As soon as it was heard that Joseph Smith and a body of followers had gone armed into Daviess County to inquire about their friends, a committee of Ray County citizens came up to Far West to inquire into the reasons of such a movement. A meeting was called and a committee appointed to give the committee from Ray all the information required.

Joseph's movements were watched very closely. On the occasion of his returning from a visit to a company of saints camped on the forks of Grand River, between thirty and forty miles from Far West, he and the small company of brethren with him were chased some distance by a body of armed men, but they escaped.

It was reported that Joseph would not submit to civil process, that he defied the law. A charge had been trumped up in Daviess County against him, for going there in arms to inquire about the Gallatin election troubles, and on the morning of the 13th of August the sheriff of Daviess County and Judge Morin called upon Joseph and informed him that they had a writ for his arrest. Joseph expressed his willingness to be tried, but as the people of Daviess County were very much—though unjustly—exasperated at him, he wished to be tried in his own county, and the laws gave him that right. Upon this insistence the sheriff refused to serve the warrant, and he said he would see Judge King about it. Joseph agreed to remain at home until his return; which he did. On his return the sheriff informed the Prophet that he was out of his jurisdiction.

The excitement which had been aroused, however, could not be abated. On the contrary, it spread into surrounding counties and its intensity increased.

CHAPTER XXXV.

BOGGS IN ACTION—DEFENSE CONSTRUED INTO OFFENSE.

This excitement in Daviess and surrounding counties, and the Indian difficulties which were threatening about the same time, induced Governor Boggs [A] to send an order to Gen. David R. Atchison, third division of Missouri militia, ordering him to raise within the limits of his district, four hundred mounted men, armed and equipped as infantry or riflemen, to be held in readiness to quell disturbances arising either from the excitement concerning the "Mormon" troubles, or Indian outbreaks. This order was dated August 30, 1838.

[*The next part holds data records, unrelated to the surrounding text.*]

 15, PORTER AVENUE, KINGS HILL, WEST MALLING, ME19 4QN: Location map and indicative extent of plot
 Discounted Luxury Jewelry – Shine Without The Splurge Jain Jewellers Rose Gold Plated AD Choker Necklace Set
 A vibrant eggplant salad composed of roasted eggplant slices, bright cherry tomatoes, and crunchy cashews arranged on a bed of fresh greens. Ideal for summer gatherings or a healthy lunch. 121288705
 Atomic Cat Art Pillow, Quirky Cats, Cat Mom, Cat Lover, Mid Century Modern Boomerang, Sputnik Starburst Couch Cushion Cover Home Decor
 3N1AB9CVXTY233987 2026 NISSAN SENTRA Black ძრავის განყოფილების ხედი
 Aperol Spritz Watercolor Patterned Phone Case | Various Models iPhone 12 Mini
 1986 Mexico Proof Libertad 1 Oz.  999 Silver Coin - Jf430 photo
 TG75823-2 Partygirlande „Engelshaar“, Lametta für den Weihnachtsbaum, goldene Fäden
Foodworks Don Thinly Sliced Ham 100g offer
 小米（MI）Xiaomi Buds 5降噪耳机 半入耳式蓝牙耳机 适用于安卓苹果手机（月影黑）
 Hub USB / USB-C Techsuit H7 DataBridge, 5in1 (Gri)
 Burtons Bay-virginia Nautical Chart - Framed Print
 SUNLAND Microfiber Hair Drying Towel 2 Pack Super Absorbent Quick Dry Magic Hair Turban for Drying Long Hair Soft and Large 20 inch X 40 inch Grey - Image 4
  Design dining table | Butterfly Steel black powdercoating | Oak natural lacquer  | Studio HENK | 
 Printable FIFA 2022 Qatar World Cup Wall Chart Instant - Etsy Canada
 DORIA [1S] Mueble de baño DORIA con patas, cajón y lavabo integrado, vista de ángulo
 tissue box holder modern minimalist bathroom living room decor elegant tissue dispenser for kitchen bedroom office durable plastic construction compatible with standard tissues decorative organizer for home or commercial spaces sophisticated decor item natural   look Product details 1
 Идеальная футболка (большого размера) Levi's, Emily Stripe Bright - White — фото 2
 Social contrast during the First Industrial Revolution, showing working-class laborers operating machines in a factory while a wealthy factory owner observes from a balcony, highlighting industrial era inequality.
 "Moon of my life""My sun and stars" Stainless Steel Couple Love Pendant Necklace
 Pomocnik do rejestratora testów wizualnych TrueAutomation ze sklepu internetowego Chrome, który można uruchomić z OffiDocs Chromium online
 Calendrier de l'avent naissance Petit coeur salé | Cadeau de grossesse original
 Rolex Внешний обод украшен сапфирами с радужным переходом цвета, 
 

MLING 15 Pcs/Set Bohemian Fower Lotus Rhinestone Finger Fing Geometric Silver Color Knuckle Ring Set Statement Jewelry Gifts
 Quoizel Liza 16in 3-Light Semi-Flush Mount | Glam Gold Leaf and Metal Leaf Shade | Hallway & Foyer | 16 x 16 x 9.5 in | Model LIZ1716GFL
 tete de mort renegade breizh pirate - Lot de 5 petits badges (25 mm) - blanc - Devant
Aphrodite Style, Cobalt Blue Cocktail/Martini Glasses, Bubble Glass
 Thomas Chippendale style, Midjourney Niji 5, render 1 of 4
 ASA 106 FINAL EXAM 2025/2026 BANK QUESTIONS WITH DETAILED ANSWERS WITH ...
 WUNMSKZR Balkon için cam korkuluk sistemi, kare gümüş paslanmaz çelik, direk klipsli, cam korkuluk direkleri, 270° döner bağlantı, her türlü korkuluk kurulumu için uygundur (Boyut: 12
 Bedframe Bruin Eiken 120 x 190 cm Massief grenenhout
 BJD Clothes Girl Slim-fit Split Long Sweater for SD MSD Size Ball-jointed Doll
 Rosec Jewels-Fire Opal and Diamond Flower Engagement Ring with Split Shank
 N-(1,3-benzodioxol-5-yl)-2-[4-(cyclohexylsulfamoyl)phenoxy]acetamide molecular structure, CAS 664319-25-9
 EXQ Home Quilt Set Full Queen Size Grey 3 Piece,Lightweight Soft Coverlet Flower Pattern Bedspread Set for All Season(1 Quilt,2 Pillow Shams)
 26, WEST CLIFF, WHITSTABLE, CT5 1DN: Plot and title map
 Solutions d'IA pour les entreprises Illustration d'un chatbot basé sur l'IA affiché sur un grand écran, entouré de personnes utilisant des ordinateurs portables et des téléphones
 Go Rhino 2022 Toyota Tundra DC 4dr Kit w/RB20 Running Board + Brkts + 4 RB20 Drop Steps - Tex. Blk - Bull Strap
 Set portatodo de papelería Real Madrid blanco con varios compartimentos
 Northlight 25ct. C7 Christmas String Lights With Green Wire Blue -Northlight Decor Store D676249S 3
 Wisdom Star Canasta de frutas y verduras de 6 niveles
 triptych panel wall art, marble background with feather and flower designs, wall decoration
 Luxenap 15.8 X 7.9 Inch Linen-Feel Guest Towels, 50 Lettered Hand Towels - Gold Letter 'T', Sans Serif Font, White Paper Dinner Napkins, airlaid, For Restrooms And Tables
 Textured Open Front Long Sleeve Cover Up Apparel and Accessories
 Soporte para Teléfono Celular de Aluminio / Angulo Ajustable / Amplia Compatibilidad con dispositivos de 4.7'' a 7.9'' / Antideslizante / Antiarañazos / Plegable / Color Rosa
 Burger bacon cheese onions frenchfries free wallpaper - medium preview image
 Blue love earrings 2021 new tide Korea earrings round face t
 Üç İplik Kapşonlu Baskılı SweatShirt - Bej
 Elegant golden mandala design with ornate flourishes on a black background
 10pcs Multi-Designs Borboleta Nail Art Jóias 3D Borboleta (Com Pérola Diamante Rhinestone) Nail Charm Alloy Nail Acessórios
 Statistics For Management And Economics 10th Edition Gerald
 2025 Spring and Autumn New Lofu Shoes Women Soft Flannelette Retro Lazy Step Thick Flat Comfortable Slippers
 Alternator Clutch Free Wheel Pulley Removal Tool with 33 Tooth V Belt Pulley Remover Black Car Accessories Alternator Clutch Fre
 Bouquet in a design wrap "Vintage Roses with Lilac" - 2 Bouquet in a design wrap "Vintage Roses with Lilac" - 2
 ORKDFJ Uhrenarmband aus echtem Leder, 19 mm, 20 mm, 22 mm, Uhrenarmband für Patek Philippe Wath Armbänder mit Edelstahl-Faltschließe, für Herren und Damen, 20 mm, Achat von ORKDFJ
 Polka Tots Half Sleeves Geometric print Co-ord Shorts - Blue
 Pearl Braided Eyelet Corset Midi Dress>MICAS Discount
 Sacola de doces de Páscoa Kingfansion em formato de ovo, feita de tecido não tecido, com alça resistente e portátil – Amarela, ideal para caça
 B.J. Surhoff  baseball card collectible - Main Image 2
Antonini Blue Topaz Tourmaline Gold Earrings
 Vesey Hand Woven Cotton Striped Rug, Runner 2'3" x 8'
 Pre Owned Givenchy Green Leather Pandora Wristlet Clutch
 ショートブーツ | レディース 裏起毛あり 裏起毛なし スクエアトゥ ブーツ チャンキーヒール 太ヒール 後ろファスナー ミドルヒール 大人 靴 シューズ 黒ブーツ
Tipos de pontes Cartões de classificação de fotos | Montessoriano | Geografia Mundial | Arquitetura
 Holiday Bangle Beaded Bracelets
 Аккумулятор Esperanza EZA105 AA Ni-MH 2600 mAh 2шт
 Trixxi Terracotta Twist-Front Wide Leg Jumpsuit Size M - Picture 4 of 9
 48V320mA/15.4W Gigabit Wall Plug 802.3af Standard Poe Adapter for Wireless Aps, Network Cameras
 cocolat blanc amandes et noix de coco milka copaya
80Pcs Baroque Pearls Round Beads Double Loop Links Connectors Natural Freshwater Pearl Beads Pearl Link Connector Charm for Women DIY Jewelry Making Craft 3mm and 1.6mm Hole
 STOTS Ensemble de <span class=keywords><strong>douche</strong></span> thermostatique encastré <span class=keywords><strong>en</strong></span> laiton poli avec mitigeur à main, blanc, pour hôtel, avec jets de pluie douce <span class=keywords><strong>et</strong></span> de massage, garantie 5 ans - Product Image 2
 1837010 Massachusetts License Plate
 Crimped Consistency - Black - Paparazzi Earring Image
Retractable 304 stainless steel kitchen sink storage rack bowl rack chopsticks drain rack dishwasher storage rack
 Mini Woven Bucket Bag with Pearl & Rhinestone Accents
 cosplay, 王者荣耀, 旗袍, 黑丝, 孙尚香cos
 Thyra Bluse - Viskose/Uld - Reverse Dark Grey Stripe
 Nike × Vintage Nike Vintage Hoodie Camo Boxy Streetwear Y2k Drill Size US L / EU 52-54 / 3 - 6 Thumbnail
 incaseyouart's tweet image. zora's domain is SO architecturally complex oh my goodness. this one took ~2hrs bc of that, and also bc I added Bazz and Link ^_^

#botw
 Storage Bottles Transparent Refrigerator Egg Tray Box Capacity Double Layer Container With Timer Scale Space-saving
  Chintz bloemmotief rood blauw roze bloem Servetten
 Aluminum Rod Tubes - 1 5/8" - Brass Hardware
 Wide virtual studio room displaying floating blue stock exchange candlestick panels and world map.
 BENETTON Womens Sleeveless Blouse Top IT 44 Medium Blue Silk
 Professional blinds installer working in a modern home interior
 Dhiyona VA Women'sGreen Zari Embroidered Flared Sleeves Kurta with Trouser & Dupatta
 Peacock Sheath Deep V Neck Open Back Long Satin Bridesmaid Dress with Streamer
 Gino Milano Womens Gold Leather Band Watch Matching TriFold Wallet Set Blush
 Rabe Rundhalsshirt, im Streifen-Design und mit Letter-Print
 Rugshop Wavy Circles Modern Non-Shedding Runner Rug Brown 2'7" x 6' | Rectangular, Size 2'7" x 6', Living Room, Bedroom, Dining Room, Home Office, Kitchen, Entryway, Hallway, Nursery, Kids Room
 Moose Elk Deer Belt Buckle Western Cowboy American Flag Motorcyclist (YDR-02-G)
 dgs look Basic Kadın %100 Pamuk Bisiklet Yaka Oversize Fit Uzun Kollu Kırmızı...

[Footnote A: This was Lilburn W. Boggs who, during the troubles in Jackson County, was lieutenant-governor of the State, and who not only quietly looked on and saw the saints driven from their homes by mob violence, but secretly aided and encouraged the mob in its atrocities.]

In order to show his willingness to honor the law, Joseph, under the counsel of General Atchison, under whom and General Doniphan, Joseph and Sidney Rigdon were studying law, volunteered to be tried for going armed into Daviess County before the circuit judge, Austin A. King. The judge was notified of Joseph's action, and the place selected for trial was the house of a Brother Littlefield, about fifteen miles north of Far West, where the little village of Winston is now located. But as the plaintiff, Wm. P. Peniston, failed to put in an appearance, the trial was postponed until the next day, to take place at the house of a Mr. Raglin, one of the chief mobocrats. The result of the trial was that Joseph and Lyman Wight were bound over in a five hundred dollar bond to appear at the next session of the district court; though Judge King afterwards said nothing worthy of bonds had been proven against them.